Light intensity in candela (cd) at the brightest part of the beam. A lux reading in the brightest portion of the beam is taken at some distance (2m, 10m, or 30m) with the light on its brightest mode and tightest focus at some time between 30 and 120 seconds of turning the light on. The lux reading is multiplied by the square of the distance in meters to get candela. Regardless of the distance at which the reading is taken, you should end up with the same value in candela, therefore the measurement is independent of distance. A lux reading taken at 1 meter distance is the same as candela (since 1 squared is 1).

Beam Distance

The distance in meters at which the flashlight produces a light intensity of 0.25 lux. This is not very bright, about equal to a full moon. This distance is not actually measured. Instead the value is calculated by taking the peak beam intensity measured above, dividing by 0.25 lux, and taking the square root of the result.
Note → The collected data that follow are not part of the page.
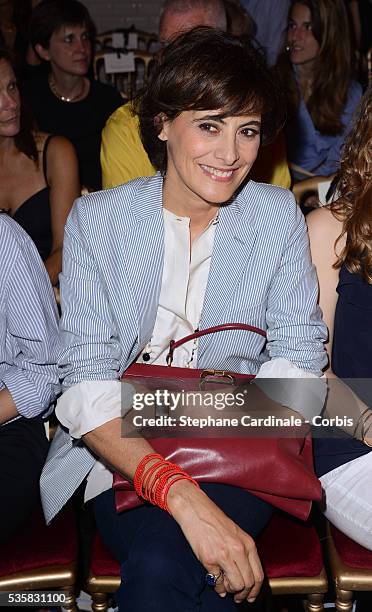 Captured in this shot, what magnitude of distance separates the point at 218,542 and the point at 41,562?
1.42 ft

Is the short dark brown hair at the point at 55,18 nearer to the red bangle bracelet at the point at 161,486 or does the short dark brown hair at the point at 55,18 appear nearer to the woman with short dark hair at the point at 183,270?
the woman with short dark hair at the point at 183,270

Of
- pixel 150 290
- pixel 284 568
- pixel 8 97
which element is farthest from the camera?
pixel 8 97

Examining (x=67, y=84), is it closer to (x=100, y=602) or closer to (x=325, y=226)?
(x=325, y=226)

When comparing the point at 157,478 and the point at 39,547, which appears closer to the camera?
the point at 157,478

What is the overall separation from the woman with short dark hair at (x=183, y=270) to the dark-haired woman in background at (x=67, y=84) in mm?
2062

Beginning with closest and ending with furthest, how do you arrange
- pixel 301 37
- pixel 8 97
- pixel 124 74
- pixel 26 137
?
1. pixel 8 97
2. pixel 26 137
3. pixel 301 37
4. pixel 124 74

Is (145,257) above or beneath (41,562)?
above

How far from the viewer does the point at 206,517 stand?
1474mm

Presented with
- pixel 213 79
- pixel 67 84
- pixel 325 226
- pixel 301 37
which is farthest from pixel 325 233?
pixel 67 84

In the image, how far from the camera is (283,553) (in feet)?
5.55

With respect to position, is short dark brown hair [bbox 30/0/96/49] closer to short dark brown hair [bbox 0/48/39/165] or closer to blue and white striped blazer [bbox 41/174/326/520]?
short dark brown hair [bbox 0/48/39/165]

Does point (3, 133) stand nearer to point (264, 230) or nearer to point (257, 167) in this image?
point (257, 167)

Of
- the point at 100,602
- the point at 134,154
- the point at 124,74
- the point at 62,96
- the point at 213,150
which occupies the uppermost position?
the point at 213,150

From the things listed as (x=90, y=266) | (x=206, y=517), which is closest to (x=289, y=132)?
(x=90, y=266) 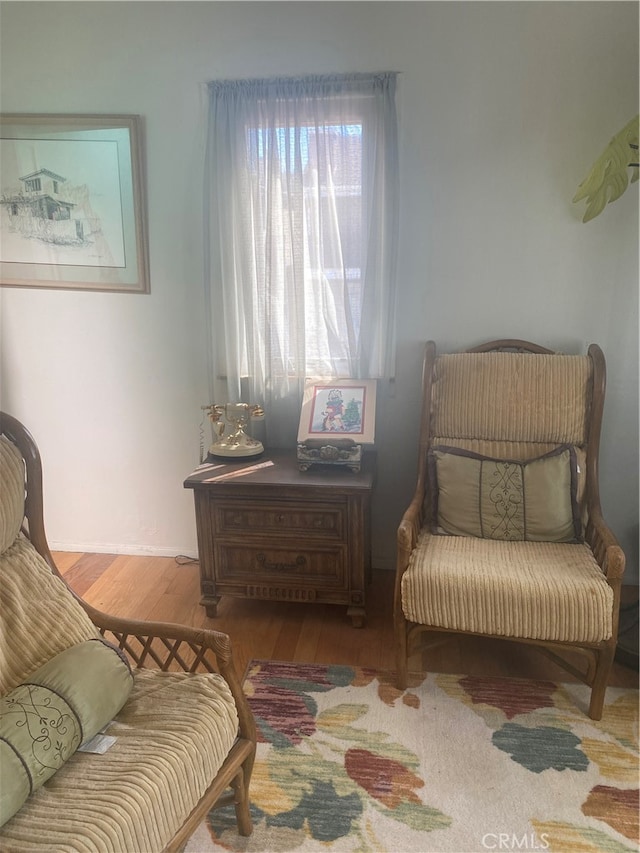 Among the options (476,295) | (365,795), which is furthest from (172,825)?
(476,295)

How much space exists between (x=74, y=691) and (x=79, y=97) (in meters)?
2.42

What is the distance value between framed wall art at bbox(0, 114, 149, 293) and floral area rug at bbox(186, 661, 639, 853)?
6.05ft

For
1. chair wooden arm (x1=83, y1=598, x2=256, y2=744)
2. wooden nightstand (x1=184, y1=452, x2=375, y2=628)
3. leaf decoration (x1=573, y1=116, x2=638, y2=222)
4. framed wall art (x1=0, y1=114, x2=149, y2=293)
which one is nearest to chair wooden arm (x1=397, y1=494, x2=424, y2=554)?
wooden nightstand (x1=184, y1=452, x2=375, y2=628)

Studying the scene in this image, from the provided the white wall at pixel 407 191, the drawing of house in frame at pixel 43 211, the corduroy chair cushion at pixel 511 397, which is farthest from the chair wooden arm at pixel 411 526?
the drawing of house in frame at pixel 43 211

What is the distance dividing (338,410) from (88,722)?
5.09 feet

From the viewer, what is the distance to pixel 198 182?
2643 millimetres

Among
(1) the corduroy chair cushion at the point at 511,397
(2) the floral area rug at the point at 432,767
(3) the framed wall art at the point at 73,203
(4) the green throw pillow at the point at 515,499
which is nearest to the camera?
(2) the floral area rug at the point at 432,767

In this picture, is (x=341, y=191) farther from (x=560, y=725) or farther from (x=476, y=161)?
(x=560, y=725)

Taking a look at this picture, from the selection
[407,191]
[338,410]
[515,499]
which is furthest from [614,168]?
[338,410]

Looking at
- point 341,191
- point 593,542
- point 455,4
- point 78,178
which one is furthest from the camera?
point 78,178

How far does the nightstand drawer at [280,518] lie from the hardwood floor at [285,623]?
1.26 ft

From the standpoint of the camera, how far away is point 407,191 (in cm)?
251

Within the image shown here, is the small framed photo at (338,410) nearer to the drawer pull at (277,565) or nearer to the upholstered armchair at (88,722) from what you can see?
the drawer pull at (277,565)

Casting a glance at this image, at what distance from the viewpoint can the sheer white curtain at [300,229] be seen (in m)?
2.46
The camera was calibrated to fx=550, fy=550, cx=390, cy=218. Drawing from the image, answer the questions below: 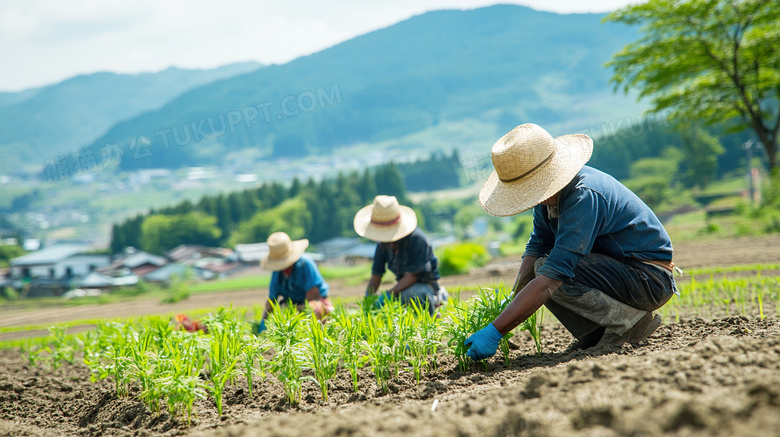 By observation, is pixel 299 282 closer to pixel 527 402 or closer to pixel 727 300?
pixel 527 402

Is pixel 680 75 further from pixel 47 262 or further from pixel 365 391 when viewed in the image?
pixel 47 262

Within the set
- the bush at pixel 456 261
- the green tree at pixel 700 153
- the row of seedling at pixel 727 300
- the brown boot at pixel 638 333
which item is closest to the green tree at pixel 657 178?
the green tree at pixel 700 153

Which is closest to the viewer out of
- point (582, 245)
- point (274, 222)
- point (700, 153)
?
point (582, 245)

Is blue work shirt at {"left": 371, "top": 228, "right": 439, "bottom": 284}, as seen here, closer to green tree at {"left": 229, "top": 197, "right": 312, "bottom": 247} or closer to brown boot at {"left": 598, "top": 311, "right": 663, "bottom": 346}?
brown boot at {"left": 598, "top": 311, "right": 663, "bottom": 346}

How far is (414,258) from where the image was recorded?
580cm

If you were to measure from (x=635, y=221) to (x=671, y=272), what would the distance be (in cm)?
48

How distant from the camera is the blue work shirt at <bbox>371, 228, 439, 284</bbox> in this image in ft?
18.9

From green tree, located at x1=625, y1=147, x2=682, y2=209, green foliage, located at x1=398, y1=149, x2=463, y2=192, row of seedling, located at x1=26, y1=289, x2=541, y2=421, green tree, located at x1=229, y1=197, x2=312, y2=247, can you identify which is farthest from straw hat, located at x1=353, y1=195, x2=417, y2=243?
green foliage, located at x1=398, y1=149, x2=463, y2=192

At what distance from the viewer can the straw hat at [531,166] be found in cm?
346

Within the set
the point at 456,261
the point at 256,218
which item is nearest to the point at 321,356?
the point at 456,261

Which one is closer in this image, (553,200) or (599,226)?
(599,226)

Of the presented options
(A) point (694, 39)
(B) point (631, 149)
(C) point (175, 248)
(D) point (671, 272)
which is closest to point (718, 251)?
(A) point (694, 39)

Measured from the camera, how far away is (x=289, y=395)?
3.35m

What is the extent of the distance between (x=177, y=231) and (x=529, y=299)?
9085cm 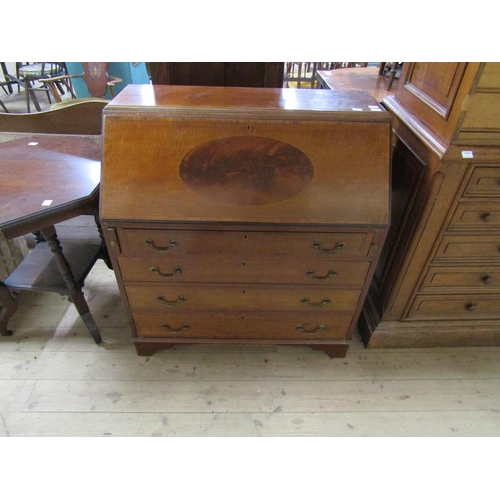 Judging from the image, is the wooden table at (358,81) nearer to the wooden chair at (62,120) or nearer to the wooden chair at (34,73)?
the wooden chair at (62,120)

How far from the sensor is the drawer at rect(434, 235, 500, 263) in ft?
4.05

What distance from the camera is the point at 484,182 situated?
109cm

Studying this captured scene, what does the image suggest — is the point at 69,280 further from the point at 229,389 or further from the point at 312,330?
the point at 312,330

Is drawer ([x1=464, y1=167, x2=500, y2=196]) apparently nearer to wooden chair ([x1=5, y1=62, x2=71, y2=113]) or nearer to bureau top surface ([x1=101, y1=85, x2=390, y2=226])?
bureau top surface ([x1=101, y1=85, x2=390, y2=226])

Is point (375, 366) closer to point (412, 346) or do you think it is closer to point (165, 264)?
point (412, 346)

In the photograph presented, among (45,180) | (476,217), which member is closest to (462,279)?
(476,217)

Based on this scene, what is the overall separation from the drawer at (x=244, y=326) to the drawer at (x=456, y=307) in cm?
36

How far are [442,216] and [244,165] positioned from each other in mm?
740

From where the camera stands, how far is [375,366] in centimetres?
151

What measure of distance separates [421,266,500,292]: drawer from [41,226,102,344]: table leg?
58.5 inches

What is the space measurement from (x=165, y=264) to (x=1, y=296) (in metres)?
0.91

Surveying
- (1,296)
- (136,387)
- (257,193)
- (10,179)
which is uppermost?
(257,193) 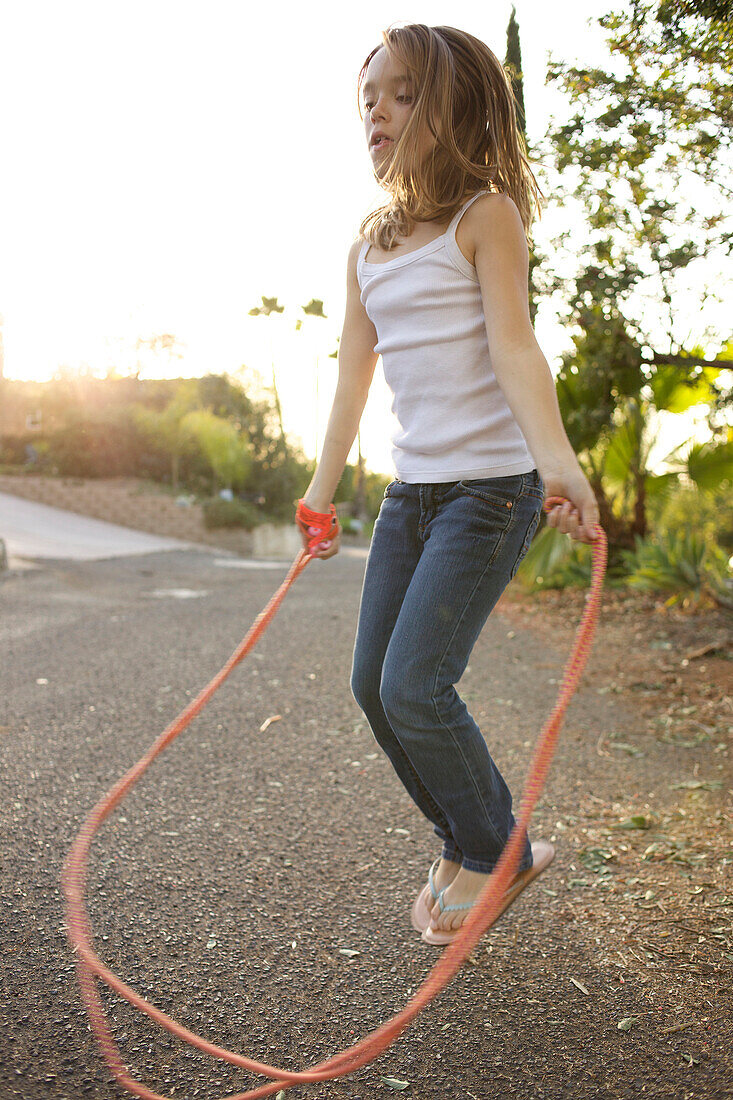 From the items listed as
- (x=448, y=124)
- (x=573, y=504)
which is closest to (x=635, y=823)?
(x=573, y=504)

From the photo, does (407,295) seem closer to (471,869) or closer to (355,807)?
(471,869)

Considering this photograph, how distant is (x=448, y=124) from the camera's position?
1.90m

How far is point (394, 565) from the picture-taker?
81.5 inches

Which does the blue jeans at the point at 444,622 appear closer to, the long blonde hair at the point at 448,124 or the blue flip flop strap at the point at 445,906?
the blue flip flop strap at the point at 445,906

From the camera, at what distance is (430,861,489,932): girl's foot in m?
2.07

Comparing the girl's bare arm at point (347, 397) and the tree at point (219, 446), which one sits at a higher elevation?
the tree at point (219, 446)

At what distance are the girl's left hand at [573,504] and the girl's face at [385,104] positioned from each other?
78 centimetres

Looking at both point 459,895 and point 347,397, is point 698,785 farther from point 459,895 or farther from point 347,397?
point 347,397

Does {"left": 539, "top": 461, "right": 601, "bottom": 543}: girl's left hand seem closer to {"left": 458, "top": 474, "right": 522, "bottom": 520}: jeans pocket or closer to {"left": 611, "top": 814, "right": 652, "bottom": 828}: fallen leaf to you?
{"left": 458, "top": 474, "right": 522, "bottom": 520}: jeans pocket

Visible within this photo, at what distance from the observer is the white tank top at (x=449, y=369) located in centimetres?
192

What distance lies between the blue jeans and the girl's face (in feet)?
2.57

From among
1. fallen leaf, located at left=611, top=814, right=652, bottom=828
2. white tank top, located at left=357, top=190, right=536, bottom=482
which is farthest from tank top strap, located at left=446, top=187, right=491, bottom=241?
fallen leaf, located at left=611, top=814, right=652, bottom=828

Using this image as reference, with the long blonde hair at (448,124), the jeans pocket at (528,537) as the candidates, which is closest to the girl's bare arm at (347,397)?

For example, the Sniper Hog Lights 66LR with a Red LED has a peak beam intensity of 42,400 cd. Divide this by 0.25 to get 169,600. Now take the square root to get 411.82. Now if we round that up it comes out to 412 meters or 450 yards.

Water Resistance

There are three possible ratings:

IPX4 "Water resistant" Light can be splashed with water from all directions without water getting inside.

IPX7 "Water proof" The light can be submerged in 1 meter of water for 30 minutes. Water can leak into the light, but not into areas with electronics or batteries. The light must still operate when removed from the water and then is tested again 30 minutes after being removed.

IPX8 "Submersible" The light can be submerged for 4 hours to some depth greater than 1 meter. The depth would be specified, e.g. IPX8 10 meters. Realistically the light is not put in the given depth of water, but instead is completely submerged in a container and the pressure is then increased to simulate the depth.

Impact Resistance

Height, in meters, from which the light (including batteries) can be dropped onto concrete without cracking or breaking and still function. Lights are dropped while in the Off position and allowed to come to rest before inspecting for damage. For ratings over 1 meter, each sample light is dropped six times with different faces towards the ground.